On critical race theory – an academic framework that probes the way policies and laws uphold systemic racism – the Legislature is taking a second bite at the apple.

In the regular session, lawmakers passed and Abbott signed a bill on the topic in a new civics education law.

The law’s language, pulled from similar conservative efforts in other states, was designed – in part – to stop critical race theory from being taught in public schools. While educators and advocacy groups have insisted that critical race theory is not being used in K-12 instruction, conservatives have disagreed, often conflating diversity, equity and inclusion efforts as justification.

SB 3 and HB 28, both pending before Dutton’s committee, would streamline the new law, removing a required list of historical documents focused on women, people of color and the struggle for racial and gender equality. In the regular session, those items were added as House amendments by Democratic lawmakers, becoming part of the final legislation only after late-minute parliamentary procedures nearly killed the bill.

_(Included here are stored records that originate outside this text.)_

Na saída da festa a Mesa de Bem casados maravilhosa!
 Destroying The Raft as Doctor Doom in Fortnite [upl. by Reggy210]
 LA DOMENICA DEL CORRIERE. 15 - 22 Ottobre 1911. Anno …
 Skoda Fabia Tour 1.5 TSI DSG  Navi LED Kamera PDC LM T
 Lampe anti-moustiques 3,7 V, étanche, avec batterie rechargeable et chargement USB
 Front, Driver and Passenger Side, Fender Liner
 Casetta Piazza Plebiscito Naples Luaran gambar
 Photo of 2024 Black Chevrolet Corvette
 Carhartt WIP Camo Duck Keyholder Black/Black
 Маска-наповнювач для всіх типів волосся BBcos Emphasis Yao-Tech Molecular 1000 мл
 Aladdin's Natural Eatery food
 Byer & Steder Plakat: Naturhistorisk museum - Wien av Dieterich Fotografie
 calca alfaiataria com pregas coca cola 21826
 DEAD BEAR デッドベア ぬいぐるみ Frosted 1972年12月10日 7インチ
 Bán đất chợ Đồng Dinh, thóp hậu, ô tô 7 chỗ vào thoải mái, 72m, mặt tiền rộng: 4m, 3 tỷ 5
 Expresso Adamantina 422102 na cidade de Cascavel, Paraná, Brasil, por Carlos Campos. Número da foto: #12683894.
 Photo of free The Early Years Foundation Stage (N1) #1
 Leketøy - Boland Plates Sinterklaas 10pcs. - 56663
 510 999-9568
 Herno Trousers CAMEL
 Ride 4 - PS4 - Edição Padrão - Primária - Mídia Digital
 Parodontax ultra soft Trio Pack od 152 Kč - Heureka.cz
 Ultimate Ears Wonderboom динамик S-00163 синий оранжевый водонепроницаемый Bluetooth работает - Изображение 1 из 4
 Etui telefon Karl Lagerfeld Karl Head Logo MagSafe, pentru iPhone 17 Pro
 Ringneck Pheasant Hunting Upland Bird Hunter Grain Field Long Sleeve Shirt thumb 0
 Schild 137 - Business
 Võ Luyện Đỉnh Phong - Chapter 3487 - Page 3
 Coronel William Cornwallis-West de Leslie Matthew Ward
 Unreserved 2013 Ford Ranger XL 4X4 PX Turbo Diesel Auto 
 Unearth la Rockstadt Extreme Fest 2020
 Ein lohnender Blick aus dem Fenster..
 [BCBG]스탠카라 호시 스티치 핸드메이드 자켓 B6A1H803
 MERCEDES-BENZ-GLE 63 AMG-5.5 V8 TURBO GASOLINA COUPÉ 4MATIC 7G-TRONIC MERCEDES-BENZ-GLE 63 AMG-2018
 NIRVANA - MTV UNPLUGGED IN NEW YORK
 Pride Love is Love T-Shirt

In addition, the pending legislation – opposed by most of the state’s educational advocacy groups and professional associations – would create a new civics training program for educators, and limit the ability of students to gain course credit for volunteering for groups that lobby at the federal, state and local level.

The House bill would also require larger districts to post all of their teaching materials on the internet, broken down by subject and grade level.

On Aug. 11, when the Senate passed SB 3, Patrick said, “Parents want their students to learn how to think critically, not be indoctrinated by the ridiculous leftist narrative that America and our Constitution are rooted in racism.”